═══ DATA FOR THIS EXERCISE
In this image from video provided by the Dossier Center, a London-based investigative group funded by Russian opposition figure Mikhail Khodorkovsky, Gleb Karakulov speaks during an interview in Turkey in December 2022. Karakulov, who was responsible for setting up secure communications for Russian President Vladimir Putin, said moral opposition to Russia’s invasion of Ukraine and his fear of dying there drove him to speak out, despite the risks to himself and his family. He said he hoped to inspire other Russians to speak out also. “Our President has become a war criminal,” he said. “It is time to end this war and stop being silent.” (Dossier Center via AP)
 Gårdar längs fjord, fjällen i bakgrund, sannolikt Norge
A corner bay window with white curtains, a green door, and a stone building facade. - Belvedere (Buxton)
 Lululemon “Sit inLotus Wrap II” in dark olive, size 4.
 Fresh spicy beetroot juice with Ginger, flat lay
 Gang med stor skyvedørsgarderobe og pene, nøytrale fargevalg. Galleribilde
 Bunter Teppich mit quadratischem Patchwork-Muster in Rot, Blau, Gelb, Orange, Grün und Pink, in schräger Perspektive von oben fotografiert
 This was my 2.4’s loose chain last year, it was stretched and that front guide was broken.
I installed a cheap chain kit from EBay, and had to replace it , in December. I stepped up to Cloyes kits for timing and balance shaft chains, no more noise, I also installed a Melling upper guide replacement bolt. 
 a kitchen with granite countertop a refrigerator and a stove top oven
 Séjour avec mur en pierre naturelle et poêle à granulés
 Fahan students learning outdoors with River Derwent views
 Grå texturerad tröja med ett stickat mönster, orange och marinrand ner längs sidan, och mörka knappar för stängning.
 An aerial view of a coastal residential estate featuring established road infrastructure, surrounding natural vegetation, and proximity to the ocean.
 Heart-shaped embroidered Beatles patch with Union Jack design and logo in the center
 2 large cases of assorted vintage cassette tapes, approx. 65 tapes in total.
══════
WHAT TO WORK ON =>
Exact duplication is required for the lines above, from the line that contains "Fahan students learning" to the line that contains "An aerial view", inclusive; omit all others.

ANSWER TO THIS PROBLEM =>
 Fahan students learning outdoors with River Derwent views
 Grå texturerad tröja med ett stickat mönster, orange och marinrand ner längs sidan, och mörka knappar för stängning.
 An aerial view of a coastal residential estate featuring established road infrastructure, surrounding natural vegetation, and proximity to the ocean.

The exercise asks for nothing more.